Multi-Column-at-a-Time Main-Memory Column-Stores: Algorithms, Systems, and Implementation
- 时间：2017年3月16日 （周四）下午3点-4点
- 摘要：Main memory analytic databases are gaining ground rapidly because of the strong demand of real-time analytics and the increasing capability of housing terabytes of main memory in modern servers. Modern main-memory analytical databases are “column-stores”, with data tables physically stored in memory as sections of columns of data rather than as rows of data. Query processing in main-memory column-stores have been based on the “column-at- a-time” approach, i.e., a query is evaluated as a sequence of primitive operations (e.g., hashing, sorting) on individual attributes/columns, one at a time. With the advent of several key techniques such as SIMD-accelerated data processing, column encoding, and code generation, our preliminary work showed that a main-memory column-store can attain substantial performance improvement if it can support “multi-column-at-a- time” processing. Multi-column-at-a-time means a column-store processes multiple columns together instead of one by one. It is a novel query processing paradigm that opens up a much finer level of optimization (e.g., bytes from different columns can be processed together). We are now building the community’s first multi-column-at-a-time enabled main-memory column-store. In this talk, I will cover its design, algorithms, and implementation details. We plan to open-source it afterwards.

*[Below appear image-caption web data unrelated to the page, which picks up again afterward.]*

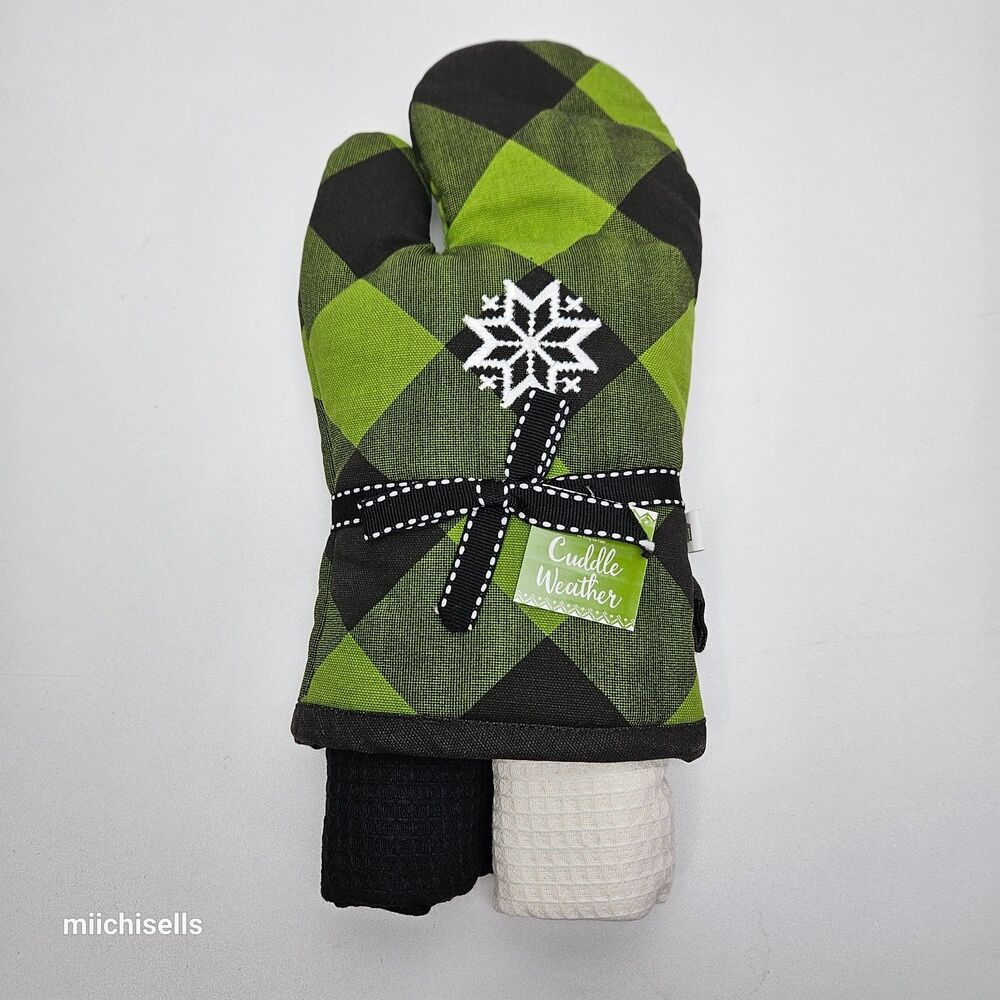 dei cuddle weather oven mitten with tea towels green and black buffalo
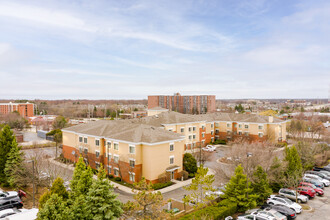 Furnished Studio - Schaumburg in Schaumburg, IL - Foto de edificio - Building Photo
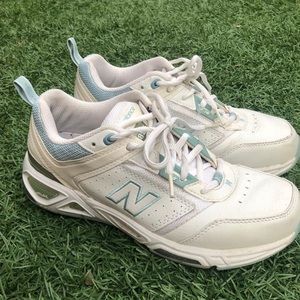 Size 7 women’s New Balance sneakers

- 简历：Eric Lo is an associate professor in the Department of Computer Science and Engineering at the Chinese University of Hong Kong (CUHK). He started his PhD study at ETH Zurich (Switzerland) in 2005 and obtained his PhD degree in 2006. Before he returned to Hong Kong, he worked at Google and Microsoft. His recent research focuses on large-scale data processing on modern architectures (e.g., lock-free programming on many-core), distributed Bayesian inference systems for big data, and data science. He has been the program committee members of all major data engineering conferences and will be the program vice chairs of CIKM’18 and ICDE’18. His research works have thrice selected as bests of conferences (VLDB’05, ICDE’12, and DASFAA’14).